De conclusie voor de vergelijking tussen Vlaanderen en Nederland luidt, dat het Nederlandse vuurwerkbeleid op meer aspecten een veilige situatie garandeert dan het Vlaamse beleid.
In dit onderzoek komt naar voren dat de vuurwerkramp in Vlaanderen een aantal gevolgen voor het vuurwerkbeleid en de praktijk daarvan heeft gehad. De invloed op het Vlaamse vuurwerkbeleid bestaat er uit, dat de komst van nieuwe regelgeving over het vervoer van vuurwerk is bespoedigd. De uitvoering van het beleid is enigszins aangescherpt: vergunningaanvragen voor de opslag van vuurwerk worden nu strikter beoordeeld en in een klein aantal gemeenten vinden er sinds de vuurwerkramp meer controles plaats. Met betrekking tot de praktijk heeft de vuurwerkramp er toe geleid dat omwonenden nu meer protesteren tegen de komst van een vuurwerkbedrijf in hun omgeving. De meest directe invloed betreft een opdracht van de Minister van Economie tot het uitvoering van controles bij de dertien grootste vuurwerkopslagen in België. Voor alle kleinere vuurwerkbedrijven werden geen controles verordend. Indirect heeft de vuurwerkramp er voor gezorgd dat Nederlandse opslagen van zwaar vuurwerk zich in Vlaanderen gevestigd hebben. De reden hiervoor is dat het Nederlandse vuurwerkbesluit, dat na de vuurwerkramp ingevoerd is, zulke strenge eisen aan deze opslagen stelt, dat deze bedrijven binnen Nederland geen locatie meer kunnen vinden.
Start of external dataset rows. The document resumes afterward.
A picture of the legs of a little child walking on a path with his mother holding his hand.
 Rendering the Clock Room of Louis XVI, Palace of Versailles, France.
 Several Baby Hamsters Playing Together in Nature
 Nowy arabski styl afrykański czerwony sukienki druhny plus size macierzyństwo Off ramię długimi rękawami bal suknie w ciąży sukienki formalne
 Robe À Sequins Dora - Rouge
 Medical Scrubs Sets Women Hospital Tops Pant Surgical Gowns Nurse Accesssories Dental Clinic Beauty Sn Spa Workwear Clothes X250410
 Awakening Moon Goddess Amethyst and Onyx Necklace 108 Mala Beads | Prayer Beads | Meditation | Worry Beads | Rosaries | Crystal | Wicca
De eindconclusie van deze scriptie luidt dat de mate waarin de vuurwerkramp invloed heeft gehad op het Vlaamse vuurwerkbeleid, in geen verhouding staat met de enorme gevolgen die de ramp in Nederland had. De verwachting was echter niet dat de invloed in Vlaanderen vergelijkbaar zou zijn met de invloed op het Nederlandse vuurwerkbeleid (schokkende gebeurtenissen in het buitenland leiden immers niet spontaan tot beleidsveranderingen in de nationale regelgeving); verwacht werd dat de vuurwerkramp in Vlaanderen ook ‘gevoeld’ zou zijn en dat er énige invloed zou zijn. Gezien de wijzigingen in het beleid, de uitvoering en de praktijk, blijkt deze verwachting uitgekomen te zijn.
De invloed van de vuurwerkramp in Vlaanderen lijkt door een aantal factoren beperkt te worden. In de eerste plaats zijn er in Vlaanderen (België) geen grote ongevallen met vuurwerk bekend. In de tweede plaats neemt vuurwerk in de Vlaamse samenleving een andere plaats in dan in de Nederlandse. De ‘vuurwerkcultuur’ in Vlaanderen en Nederland verschilt: vuurwerk ‘leeft’ niet in Vlaanderen en vormt geen (politiek en maatschappelijk) issue. In de derde plaats was het Vlaamse vuurwerkbeleid net vóór de vuurwerkramp, in februari 2000, hervormd, waardoor de noodzaak om het beleid ná de vuurwerkramp wederom te veranderen heel klein was.
In het licht van het advocacy-coalition-framework wordt het uitblijven van fundamentele beleidsveranderingen in het Vlaamse vuurwerkbeleid verklaard doordat er na de vuurwerkramp geen groepen in de samenleving zijn opgestaan die het beleid wilden veranderen. De ‘machthebbers’ met betrekking tot het vuurwerkbeleid bleven dominant en bleven bij het al veranderde beleid.
Volgens het punctuated-equilibrium-model zijn er geen grote beleidsveranderingen opgetreden omdat vuurwerk niet als onderwerp op de politieke agenda kwam te staan. Dit komt doordat er weinig aandacht ontstond voor de gevolgen van de vuurwerkramp in Vlaanderen.
In het stromenmodel wordt de afwezigheid van grote beleidsveranderingen verklaard doordat de overheid vuurwerk niet als een probleem (h)erkende, er geen beleidsalternatieven voor handen waren en de politiek zich niet bewust werd van de risico’s van vuurwerk.